* **What you will do**: Copy the listing exactly, leaving out every picture.

* **Source material**:
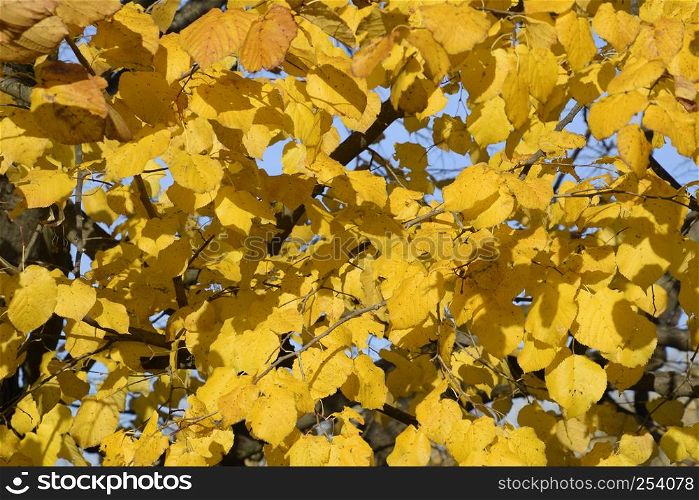 Yellow leaves of a linden. Yellowing leaves on the branches of a tree. Autumn background from leaves of a linden. Yellow autumn leaves.. Yellow leaves of a linden. Yellowing leaves on the branches of a tree. Autumn background from leaves of a linden. Yellow autumn leaves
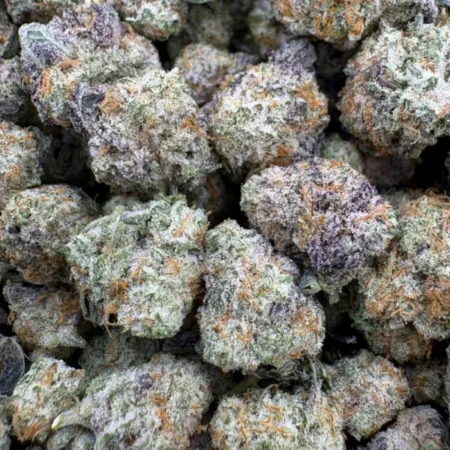 Miracle Alien Cookies X1 Popcorn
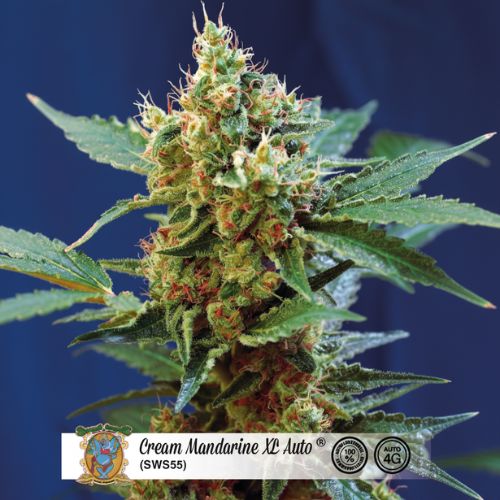 Cream Mandarine XL Auto Feminized Seeds | High Yield Citrus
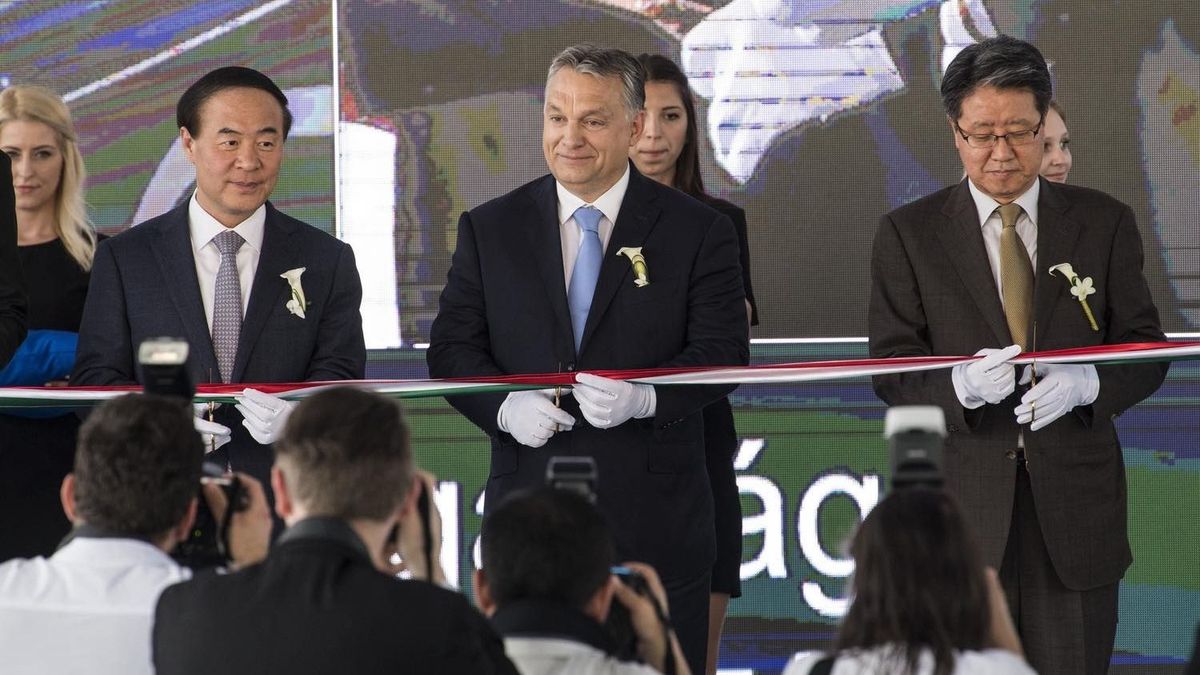 Milyen a világ, amikor a tőke korlátlan hatalmat kap?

* **Answer to this exercise**:
 Yellow leaves of a linden. Yellowing leaves on the branches of a tree. Autumn background from leaves of a linden. Yellow autumn leaves.. Yellow leaves of a linden. Yellowing leaves on the branches of a tree. Autumn background from leaves of a linden. Yellow autumn leaves
 Miracle Alien Cookies X1 Popcorn
 Cream Mandarine XL Auto Feminized Seeds | High Yield Citrus
 Milyen a világ, amikor a tőke korlátlan hatalmat kap?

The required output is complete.